About this task: Set down, word for word, every line of the material below from the one containing "You will find" through the one containing "Our first example", but none of its pictures.

Supplied records:
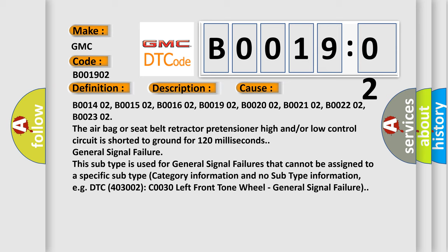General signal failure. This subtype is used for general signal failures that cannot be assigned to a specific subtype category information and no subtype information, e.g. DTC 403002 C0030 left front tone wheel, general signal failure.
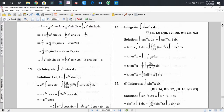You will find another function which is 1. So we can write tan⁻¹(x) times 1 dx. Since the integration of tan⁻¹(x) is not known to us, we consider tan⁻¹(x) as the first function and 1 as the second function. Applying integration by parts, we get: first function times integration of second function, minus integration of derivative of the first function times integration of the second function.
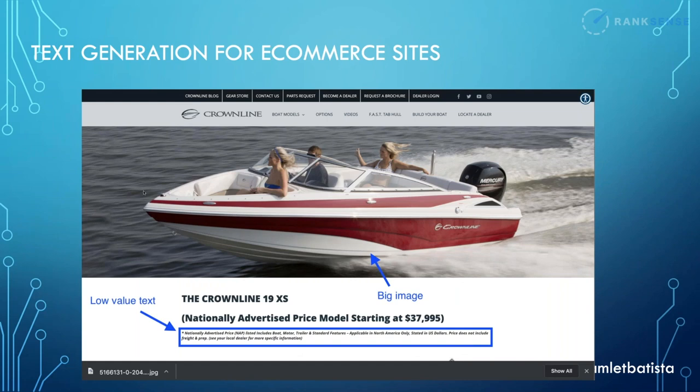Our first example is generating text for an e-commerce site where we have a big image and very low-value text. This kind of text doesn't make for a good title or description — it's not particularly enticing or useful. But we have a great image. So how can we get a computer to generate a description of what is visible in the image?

...

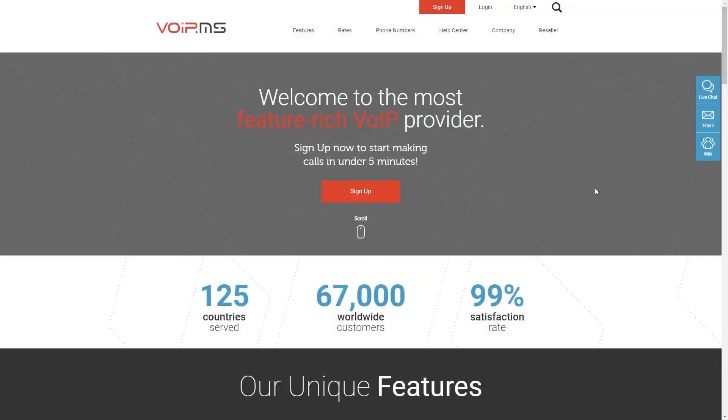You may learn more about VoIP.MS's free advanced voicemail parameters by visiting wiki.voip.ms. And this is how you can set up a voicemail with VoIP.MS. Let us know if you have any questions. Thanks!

--

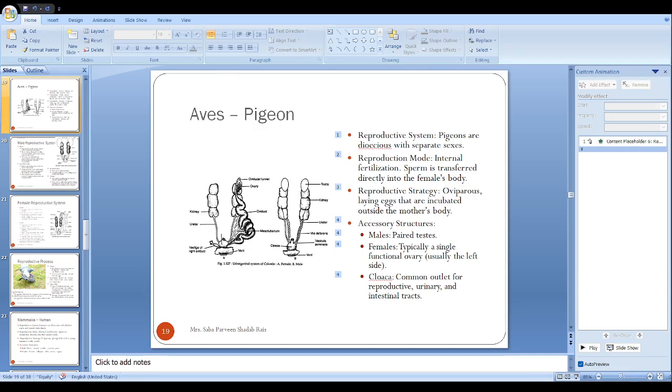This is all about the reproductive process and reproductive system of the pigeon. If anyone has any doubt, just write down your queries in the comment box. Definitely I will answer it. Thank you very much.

Response:
You will find another function which is 1. So we can write tan⁻¹(x) times 1 dx. Since the integration of tan⁻¹(x) is not known to us, we consider tan⁻¹(x) as the first function and 1 as the second function. Applying integration by parts, we get: first function times integration of second function, minus integration of derivative of the first function times integration of the second function.
Our first example is generating text for an e-commerce site where we have a big image and very low-value text. This kind of text doesn't make for a good title or description — it's not particularly enticing or useful. But we have a great image. So how can we get a computer to generate a description of what is visible in the image?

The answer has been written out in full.